Michael Backes worked in Hollywood for decades. He’s done everything from co-writing screenplays with Michael Crichton to consulting on the science in the Spider Man franchise, to advising on the logic of Iron Man’s suit. He has worked with Steven Spielberg, Tom Clancy, and James Cameron, and he co-founded the American Film Institute’s Digital Media Studies program. Over time, he has seen the progression of audience expectations.

“When you work on blockbuster movies, you’re in the awe business,” he tells me from his home in LA. “Especially now that you have so much ability to synthesize imagery. What we’ve done is raise the bar for awe amongst viewers. And now it’s interesting, because visual awe is a little tougher now.”

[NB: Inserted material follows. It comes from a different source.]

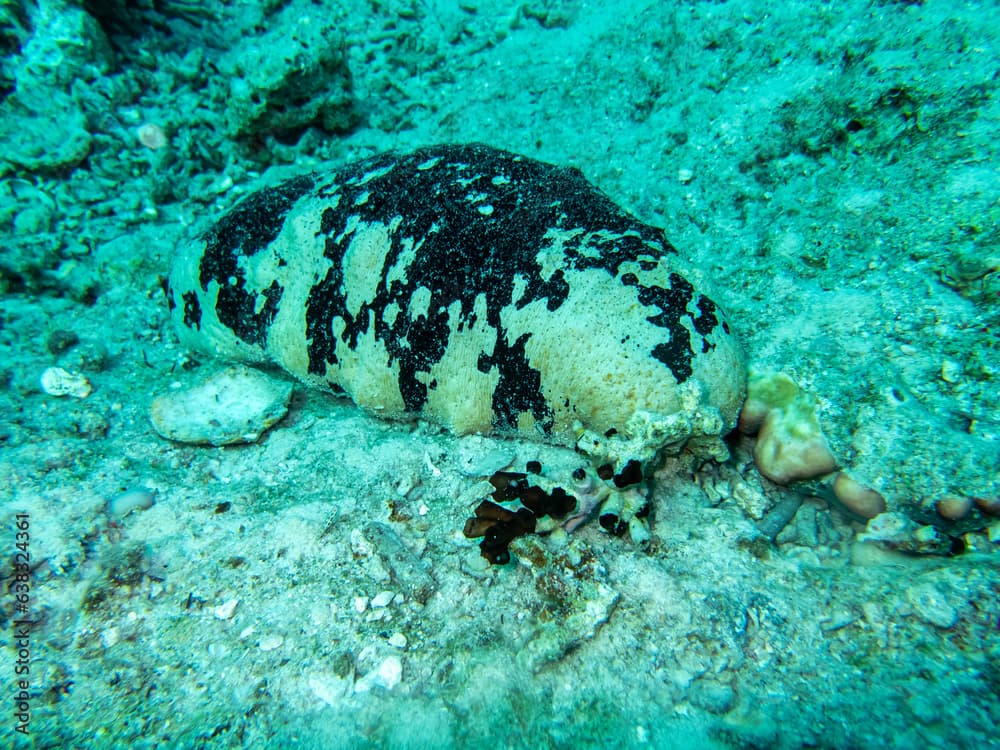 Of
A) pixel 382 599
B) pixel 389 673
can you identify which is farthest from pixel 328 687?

Working on the 1993 production of Jurassic Park as the display graphics supervisor, the original plan was to make all of the T-Rexes in the movie using big rubber models with F-18 flight simulator armature machinery stuck inside them. They had one built already on the Warner Brothers stage, and it was awe-inspiring because it was really big, but it somehow didn’t look real at all.

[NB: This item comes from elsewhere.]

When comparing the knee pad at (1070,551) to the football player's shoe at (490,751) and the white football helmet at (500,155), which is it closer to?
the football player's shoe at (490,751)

George Lucas’s visual effects company Industrial Light & Magic (ILM) had suggested they could create something using computer graphics imagery, but the idea had been met with skepticism, so a couple of the guys there decided to take the initiative themselves. They modeled a T-Rex on their computer and animated it coming out of a forest. 

“They sent the footage down. I was sitting in the theatre in Spielberg’s complex, and I watch these guys who have built the rubber ones watch their careers go away,” says Backes. “It was wild because they were awestruck. They had pissed on the idea of using computer graphics for dinosaurs in any of the scenes, but then they saw something much bigger than themselves coming toward them at high speed.”

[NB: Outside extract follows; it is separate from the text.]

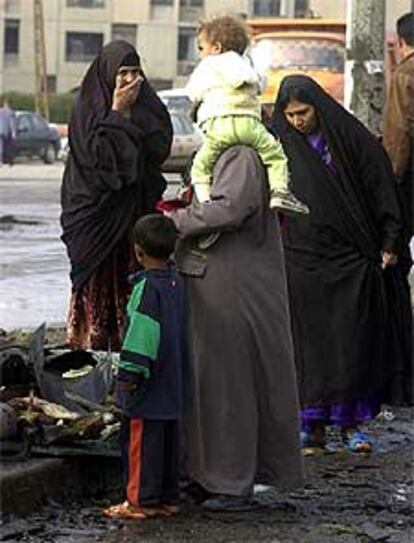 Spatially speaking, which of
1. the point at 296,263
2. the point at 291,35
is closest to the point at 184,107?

Backes likens what he witnessed to a person who has invested all their training and work experience in the horseshoe business who sees the first car and immediately gets struck viscerally by the implications and future impact.

As science fiction has developed, and in particular our ability to use visual storytelling to enhance the narrative, the audience begins to trust that to the greatest extent possible, what they see is actually scientifically accurate. Compare the depiction of faster-than-light travel in the 1968 movie 2001: A Space Odyssey to the same phenomenon in Christopher Nolan’s 2014 film Interstellar. 2001 uses a split screen effect to suggest a character travelling through a star portal. Nolan, in contrast, sat down with a physicist and actually worked out what travelling through a wormhole might look like while you’re in it. The result is breathtakingly trippy.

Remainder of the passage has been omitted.